One is tempted to take any two other historical figures and see how many matches one can make. Do this for enough pairs, and rely on the law of truly large numbers (after all, how many such pairs are there?), and one is essentially certain to find “coincidences” such as the Lincoln/Kennedy story.
The Law of the Probability Lever
Slight changes can make highly improbable events almost certain
In 2005 one of my graduate students and I flew to the U.S. to attend a conference. We’d booked our seats separately, because we were flying to different destinations after the meeting. But we found ourselves seated next to each other.
My first reaction was, what an extraordinary coincidence! After all, 747s normally seat somewhere between 400 and 500 passengers, so the probability of us being placed next to each other by chance looked like about 1 in 450 (taking the halfway point between 400 and 500 to illustrate). But then, I thought, we were travelling in the same class, so the number of available seats was less than 450. Also, few seats occur in isolation. Normally they are in pairs (e.g. along the sides of the cabin) or in larger groups (e.g. down the centre of the cabin), so you have to sit next to someone. Furthermore, many, perhaps most people don’t fly alone, so the number of single seats is far fewer than appears. Put all these things together and they dramatically change the probabilities: instead of it being just 1 in 450 that we would happen to be allocated the seats next to each other, it becomes much more likely.

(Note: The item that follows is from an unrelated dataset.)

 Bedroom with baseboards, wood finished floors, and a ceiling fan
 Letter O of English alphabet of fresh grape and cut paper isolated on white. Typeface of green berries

(I’m discounting the possibility that my student saw an opportunity at last to pin me down so that he could discuss his work in detail with me during the course of a flight lasting several hours!)
The Law of Near Enough
Events which are sufficiently similar are regarded as identical
In the 1950s, Eric W Smith, who lived in Sheffield, England was in the habit of collecting horse manure for his tomato plants from the woods behind the house. One day he saw another man doing the same. When he sat down on a bench to rest, the other man did the same. Eric introduced himself, saying his name was Smith. “So’s mine,” said the other man. So Eric expanded: “Eric Smith.” By then it was obvious that a strange coincidence was occurring: “And so is mine,” said the other man. “Eric W Smith,” said Eric. “Yes,” said the other man.
But further discussion revealed that the first Eric W Smith had the middle name Wales, while the second had the name Walter. So it wasn’t an exact match – but near enough to be surprising. But what if they had had different middle initials? Now not an exact match, but still surprising? How far can we relax the conditions for a match before we are surprised by it? How near does it have to be?
And again we should also look at the other laws of the Principle, to see if they are helping to produce this apparently highly improbable event. One thing we see is that Smith is the most common surname in the UK, with around 700,000 people sharing it – that’s about 1 in 100 people (this figure is nowadays: I don’t have the figure for the 1950s).